Azhar Baksin

Personal information
- Birth name: Azhar bin Baksin
- Date of birth: 26 November 1976 (age 49)
- Place of birth: Singapore
- Height: 1.76 m (5 ft 9+1⁄2 in)
- Position: Midfielder

Team information
- Current team: Admiralty
- Number: 17

Senior career*
- Years: Team / Apps / (Gls)
- 1997 – 1999: Tampines Rovers / ? / (?)
- 2000 – 2002: Geylang United / 62 / (11)
- 2003 – 2007: Home United / 64 / (2)
- 2008 – 2009: Sengkang Punggol / 21 / (1)
- 2012 –: Admiralty / 12 / (3)

International career
- ??: Singapore / 20 / (3)

= Azhar Baksin =

Singaporean footballer

Azhar bin Baksin (born 26 November 1976) is an ex-Singaporean international footballer who plays as a midfielder for NFL Division 2 side Admiralty FC.

Apart from his playing duties, he was also appointed as the coach of the Wolves following the departure of former player coach Mohd Noor Ali to Geylang United in June 2012.

==Club career==
A true veteran, Azhar has played for S.League sides Tampines Rovers, Geylang United, Home United and Sengkang Punggol, before switching over to Admiralty FC during the 2012 NFL Division 2 season.

Azhar scored a goal from the half-way line when he was playing for Geylang United against Woodlands Wellington in 2002, lobbing the ball past Woodlands' custodian Fadhil Salim.
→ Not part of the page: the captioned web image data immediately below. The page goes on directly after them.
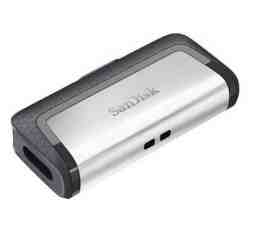 Slika izdelka: USB C & USB DISK SANDISK 256GB ULTRA DUAL, 3.1/3.0, srebrno-črn, drsni priključek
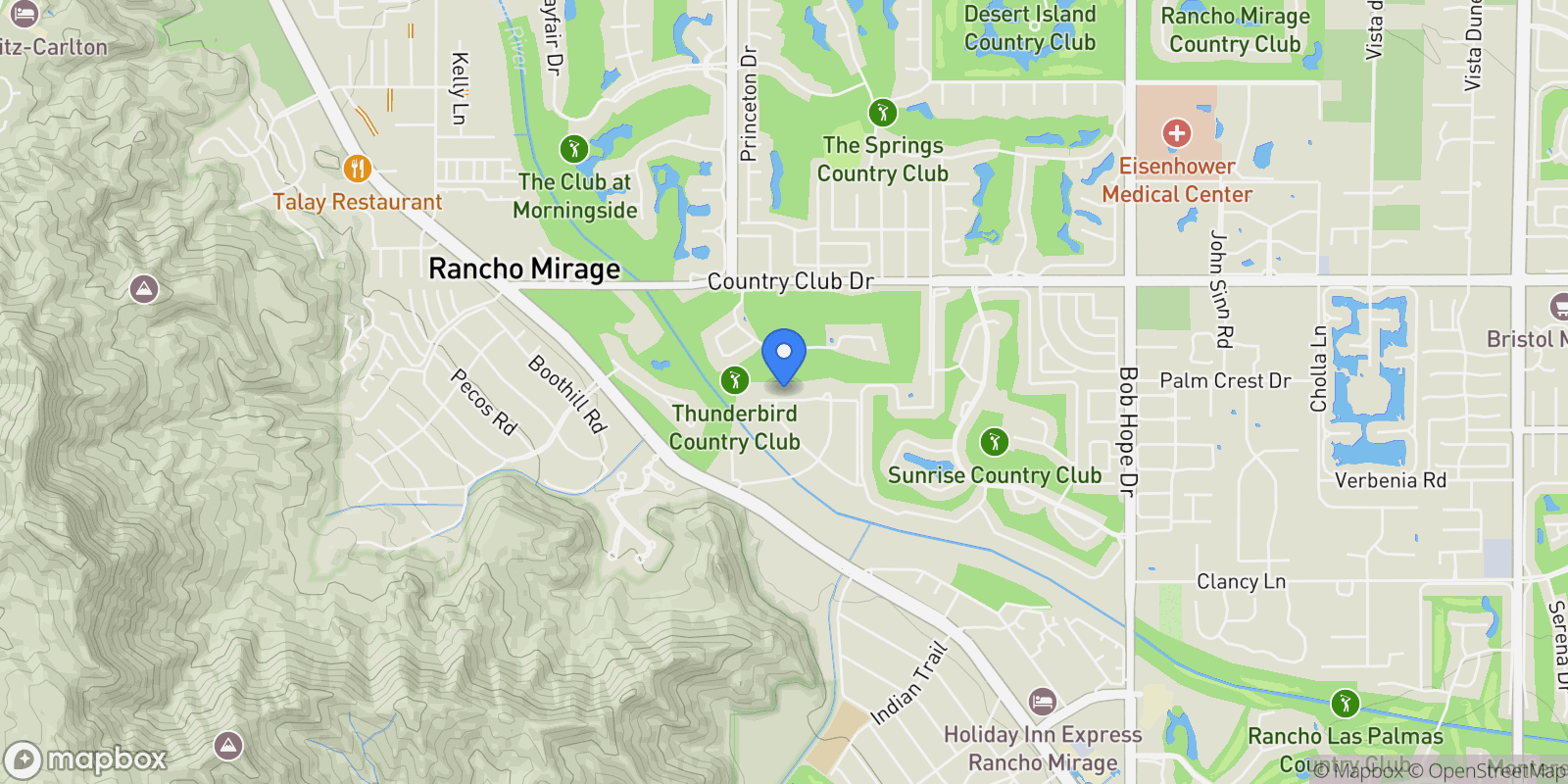 Map showing 71150 N Thunderbird Terrace, Rancho Mirage, California, United States.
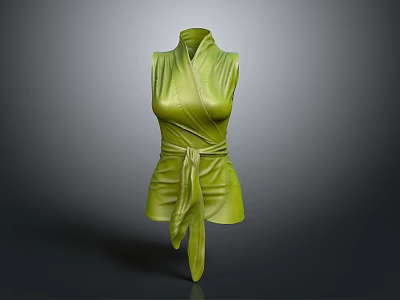 Fashionable Green Sleeveless Wrap Top With Flowy Fabric And Stylish Design 3d model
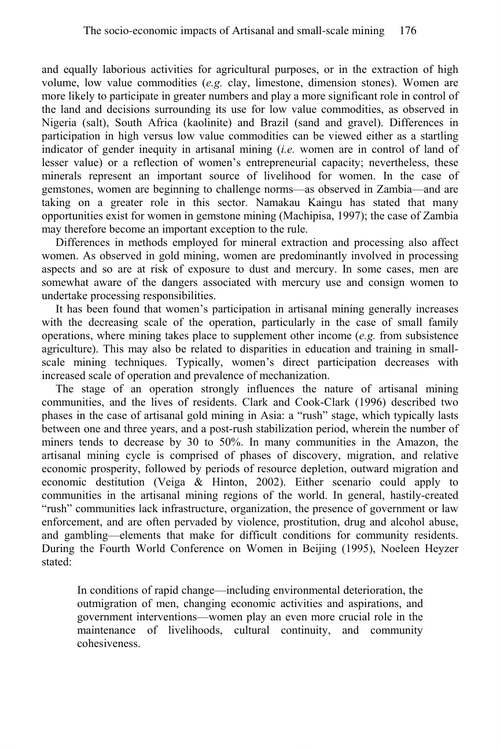 发展中国家手工和小规模采矿的社会经济影响 加文·M·希尔森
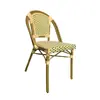 Mesa y Silla de Estilo Francés para Exterior Balcón Silla de Ratán Silla de Ratán Juego de Tres Piezas Cafetería Tienda de Té con Leche Casa de Huéspedes Silla de Comedor Vintage para Exterior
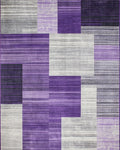 Purple Gray Stratified Geometric Rug - Cutout View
That goal was subsequently nominated for the 2002 S.League Goal of the Season but did not win in the end.

His honours include winning the S.League with Geylang United in 2000, and the S.League and Singapore Cup double with Home United in the 2003 season.

==International career==
Azhar Baksin was first noted as an outstanding player during a training tour of Thailand for the Singapore national team's reserve squad between 21 and 30 November 1997. He emerged as the top contender among the up-and-coming footballers, which included Indra Sahdan and Ahmad Latiff Khamaruddin, for a national team call-up based on his performances during the training tour.

He was called up to the Singapore national team after scoring two goals in Tampines Rovers' 2-0 victory against Gombak United on 21 March 1998.

Azhar played in the Asian Cup qualifier against a star-studded Japanese team featuring the likes of Shinji Ono and Masashi Nakayama in 2000.

One of his most memorable international goals came in the NTUC Income Challenge Cup in 2002, where he fired home a blistering right-footed volley to lift Singapore to a 2-1 victory over North Korea after coming on as a second-half substitute.

Azhar's fine form with Geylang United made him a notable replacement for the off-form Mirko Grabovac during the 2002 Tiger Cup.

He also has the honour of being the first Singapore international to score at the newly constructed Jalan Besar Stadium on 4 March 2003 after just 8 minutes in an international friendly against the Maldives. The match ended 4-1 in favour to the Lions with Indra Sahdan, Syed Fadhil and Fadzuhasny Juraimi getting on the scoresheet for Singapore as well.